The global economy grew 5.1 percent in 2004. In 2005 the growth is somewhat lower but still high. World trade has expanded even more strongly at 7.5 percent. Again and again free traders praise this globalization as a panacea for spreading prosperity and combating poverty. However employees are not harvesting the fruits of this development.


A new report of the International Labor Organization (ILO), one of the oldest sub-organizations of the UN, shows how little the conjured distributed globalization has to do with reality. Half of the workers of the world, 1.38 billion persons, do not earn enough money to free themselves and their families from poverty, the ILO report says. The poverty line is defined internationally as an income of two dollars per person per day.

“The central message of our report is that better jobs and better incomes are not the priorities of the political decision-makers,” ILO director Juan Somavia said on Friday in presenting the study. “In the past, globalization did not lead to creating adequate sustainable jobs. This must change (…). We must make dignified work a central priority of all economic and social decisions,” Somavia said.

According to the report, income and working conditions are the great problems in many regions of the world, not unemployment. Jobs were created in Africa and Middle East. However a closer analysis shows these were mostly little “personal companies,” job possibilities in the informal sector that hardly feed people. These jobs were created so people would not be left completely without incomes. In sub-Saharan Africa, the number of workers who must live from less than one dollar per day rose from 1994 to 2004 by 28 million, the ILO report says. In North America and Western Europe, jobs were created in the service sector where labor is traditionally paid poorly and temporary- and part-time work have become the rule in the last years. Deteriorating conditions for employees also result here despite growth.


An ever more depressing picture results for Latin America, according to the ILO, where the number of workers living under the one-dollar-limit – the UN definition of the limit for absolute poverty – rose by 4.4 million persons from 1999 to 2003. East Asia is the only region where the living conditions of the working population improved somewhat in the past years. These conditions started from a very low level.
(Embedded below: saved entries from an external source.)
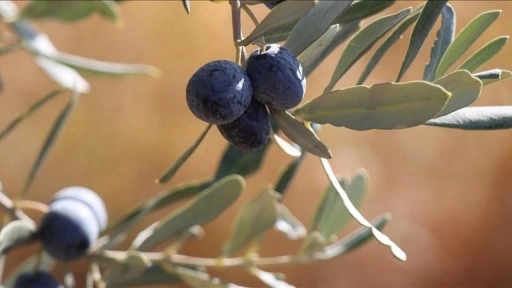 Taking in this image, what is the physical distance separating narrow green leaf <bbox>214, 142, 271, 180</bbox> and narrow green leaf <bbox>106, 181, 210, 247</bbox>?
0.08 ft

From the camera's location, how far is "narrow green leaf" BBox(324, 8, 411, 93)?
41cm

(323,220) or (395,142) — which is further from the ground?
(395,142)

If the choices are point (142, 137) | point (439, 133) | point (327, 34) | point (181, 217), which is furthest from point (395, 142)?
point (327, 34)

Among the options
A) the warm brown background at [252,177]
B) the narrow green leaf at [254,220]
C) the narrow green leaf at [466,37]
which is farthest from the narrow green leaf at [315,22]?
the warm brown background at [252,177]

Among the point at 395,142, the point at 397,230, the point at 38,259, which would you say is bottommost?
the point at 38,259

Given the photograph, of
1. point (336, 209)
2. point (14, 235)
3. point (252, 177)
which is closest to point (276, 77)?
point (14, 235)

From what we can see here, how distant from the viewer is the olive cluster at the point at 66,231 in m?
0.69

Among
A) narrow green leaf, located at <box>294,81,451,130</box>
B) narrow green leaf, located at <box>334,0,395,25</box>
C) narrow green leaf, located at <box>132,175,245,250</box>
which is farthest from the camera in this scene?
narrow green leaf, located at <box>132,175,245,250</box>

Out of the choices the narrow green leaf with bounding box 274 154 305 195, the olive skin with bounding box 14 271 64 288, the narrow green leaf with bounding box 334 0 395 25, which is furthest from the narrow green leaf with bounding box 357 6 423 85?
the olive skin with bounding box 14 271 64 288

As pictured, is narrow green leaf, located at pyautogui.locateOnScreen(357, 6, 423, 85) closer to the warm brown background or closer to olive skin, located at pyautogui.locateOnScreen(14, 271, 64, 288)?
olive skin, located at pyautogui.locateOnScreen(14, 271, 64, 288)

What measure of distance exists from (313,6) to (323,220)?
0.42 meters

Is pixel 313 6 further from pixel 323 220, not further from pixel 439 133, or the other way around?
pixel 439 133

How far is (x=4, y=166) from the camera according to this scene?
1694 mm

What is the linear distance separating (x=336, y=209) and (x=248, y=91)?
0.39 m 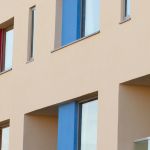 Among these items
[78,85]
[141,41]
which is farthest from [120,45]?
[78,85]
At the same time the ILO statistics show that the wage disparity is widening again in nearly all countries. Higher incomes have increased faster than lower incomes since the beginning of the 1990s. The reasons are the great worldwide demand for trained workers, the low need for poorly trained workers in industrial states and the growing significance of the informal sector in many countries. However high wage costs in industrial states do not automatically lead to competitive disadvantages since productivity is also essentially higher.
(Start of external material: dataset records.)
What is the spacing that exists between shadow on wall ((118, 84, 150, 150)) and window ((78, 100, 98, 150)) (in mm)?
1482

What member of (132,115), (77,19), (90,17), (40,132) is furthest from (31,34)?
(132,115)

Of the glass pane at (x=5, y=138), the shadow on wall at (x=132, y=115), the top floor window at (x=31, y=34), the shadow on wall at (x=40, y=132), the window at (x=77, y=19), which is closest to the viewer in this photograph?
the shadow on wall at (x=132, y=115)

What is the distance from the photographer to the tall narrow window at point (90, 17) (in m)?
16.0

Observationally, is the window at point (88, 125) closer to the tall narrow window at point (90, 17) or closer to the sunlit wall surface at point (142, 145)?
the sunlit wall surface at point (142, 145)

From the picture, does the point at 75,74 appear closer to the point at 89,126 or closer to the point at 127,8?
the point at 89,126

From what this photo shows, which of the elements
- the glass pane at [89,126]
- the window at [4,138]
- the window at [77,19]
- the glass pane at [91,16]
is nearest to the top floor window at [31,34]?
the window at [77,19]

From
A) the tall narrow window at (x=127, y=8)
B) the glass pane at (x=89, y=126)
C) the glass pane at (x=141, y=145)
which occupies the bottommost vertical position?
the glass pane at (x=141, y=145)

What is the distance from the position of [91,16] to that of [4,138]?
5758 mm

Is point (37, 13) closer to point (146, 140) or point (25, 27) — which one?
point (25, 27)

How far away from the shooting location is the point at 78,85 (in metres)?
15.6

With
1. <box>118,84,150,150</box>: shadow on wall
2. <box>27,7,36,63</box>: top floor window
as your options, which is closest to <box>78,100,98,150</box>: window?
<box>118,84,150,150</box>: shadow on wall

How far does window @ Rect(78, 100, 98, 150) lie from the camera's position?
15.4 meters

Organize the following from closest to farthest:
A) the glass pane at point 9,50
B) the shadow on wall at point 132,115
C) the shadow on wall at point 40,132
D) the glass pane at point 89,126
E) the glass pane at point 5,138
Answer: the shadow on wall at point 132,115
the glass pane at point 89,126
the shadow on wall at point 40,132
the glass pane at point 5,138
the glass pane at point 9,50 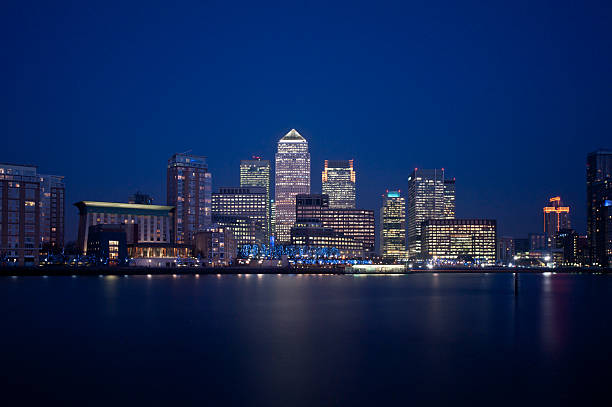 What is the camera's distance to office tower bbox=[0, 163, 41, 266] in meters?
164

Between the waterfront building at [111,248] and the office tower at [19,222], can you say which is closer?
the office tower at [19,222]

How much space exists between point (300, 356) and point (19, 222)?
153521 mm

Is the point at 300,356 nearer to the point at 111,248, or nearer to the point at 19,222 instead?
the point at 19,222

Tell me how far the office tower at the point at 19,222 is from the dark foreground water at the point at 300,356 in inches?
4560

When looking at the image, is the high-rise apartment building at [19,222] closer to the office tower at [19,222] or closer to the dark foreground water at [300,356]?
the office tower at [19,222]

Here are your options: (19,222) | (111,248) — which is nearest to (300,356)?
(19,222)

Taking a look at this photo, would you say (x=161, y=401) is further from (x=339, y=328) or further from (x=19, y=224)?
(x=19, y=224)

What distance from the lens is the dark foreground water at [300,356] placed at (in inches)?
981

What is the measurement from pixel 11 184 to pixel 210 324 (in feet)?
452

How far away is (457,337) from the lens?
4169 centimetres

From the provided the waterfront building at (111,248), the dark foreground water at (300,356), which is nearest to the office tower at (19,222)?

On the global scale, the job intensity of growth has weakened. This means stronger growth than at the end of the 1990s is needed to create the same number of new jobs. This is a consequence of growing productivity. Since many Asian developing countries, especially China and India, are presently in a rapid technological catch-up race, we can assume that this trend will intensify in the next years. In addition, this development is not limited to industrial production. In the service sector, every percent of growth creates almost twice as many jobs as in manufacturing areas. This process is clearly weakening, particularly in the United States. In Western Europe, the job intensity of the tertiary sector, as economists call this realm, is becoming slowly weaker. What has long been obvious in Germany will soon also be true internationally. Full employment is only possible by reducing working hours.